_EXTRACTED ENTRIES_.

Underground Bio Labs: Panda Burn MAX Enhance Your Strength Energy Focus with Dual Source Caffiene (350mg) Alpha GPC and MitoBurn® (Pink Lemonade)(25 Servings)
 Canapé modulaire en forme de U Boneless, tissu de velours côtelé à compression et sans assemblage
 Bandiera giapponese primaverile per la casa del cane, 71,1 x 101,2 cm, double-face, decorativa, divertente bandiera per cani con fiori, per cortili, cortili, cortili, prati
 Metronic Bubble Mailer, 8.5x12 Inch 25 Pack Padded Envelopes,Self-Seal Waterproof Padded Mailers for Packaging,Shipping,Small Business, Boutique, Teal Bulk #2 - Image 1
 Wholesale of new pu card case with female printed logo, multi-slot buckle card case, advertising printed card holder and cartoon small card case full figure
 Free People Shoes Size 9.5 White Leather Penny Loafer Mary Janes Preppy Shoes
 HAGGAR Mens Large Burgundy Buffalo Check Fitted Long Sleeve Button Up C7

_WHAT THE TASK ASKS_.
Every line from the one that holds "Bandiera giapponese primaverile" to the end of the data above should be given again exactly, with that line and the last one both kept.

_RESULT FOR THIS TASK_.
 Bandiera giapponese primaverile per la casa del cane, 71,1 x 101,2 cm, double-face, decorativa, divertente bandiera per cani con fiori, per cortili, cortili, cortili, prati
 Metronic Bubble Mailer, 8.5x12 Inch 25 Pack Padded Envelopes,Self-Seal Waterproof Padded Mailers for Packaging,Shipping,Small Business, Boutique, Teal Bulk #2 - Image 1
 Wholesale of new pu card case with female printed logo, multi-slot buckle card case, advertising printed card holder and cartoon small card case full figure
 Free People Shoes Size 9.5 White Leather Penny Loafer Mary Janes Preppy Shoes
 HAGGAR Mens Large Burgundy Buffalo Check Fitted Long Sleeve Button Up C7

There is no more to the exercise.